Salah satu ciri khas Rangers era Van Bronckhorst adalah intensitas. Tekanan tinggi, transisi cepat dari sayap, dan kemampuan masuk agresif ke lini serang menjadikan timnya sangat ekspansif.
Formasi klasik mereka menempatkan Alfredo Morelos di depan, didukung gelandang serang kreatif seperti Ryan Kent, Joe Aribo, dan Ianis Hagi. Di lini kedua, Lundstram dan Kamara menjaga keseimbangan serta distribusi bola.
Di lini belakang, empat bek utama, James Tavernier, Connor Goldson, Calvin Bassey, dan Borna Barisic, nyaris tidak tersentuh rotasi.
Mereka bermain dalam satu garis tinggi, menjadi basis struktur pertahanan dan awal dari setiap proses build-up. Stabilitas dari kuartet ini memungkinkan Rangers menekan lebih agresif tanpa kehilangan kontrol.
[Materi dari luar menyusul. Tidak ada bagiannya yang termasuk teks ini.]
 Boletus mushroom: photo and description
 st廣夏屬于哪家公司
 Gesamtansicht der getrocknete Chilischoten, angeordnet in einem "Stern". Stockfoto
Pertahanan Terorganisasi dan Tekanan Terukur

Dalam fase bertahan, Rangers sering berubah bentuk antara 4-2-3-1 dan 4-4-2. Peran Aribo menjadi sangat krusial karena ia menjadi pemicu tekanan terhadap gelandang pivot lawan.
Pendekatan ini membantu penyerang dapat mengalirkan bola dengan nyaman melewati lini pertama pertahanan lawan.
Rangers tidak bergantung pada jumlah pemain di tengah, karena lini pertahanan kedua dan belakang mereka sangat rapat. Mereka mengambil risiko terhadap umpan direct yang melewati lini kedua, tetapi tekanan biasanya melambat begitu lawan mundur.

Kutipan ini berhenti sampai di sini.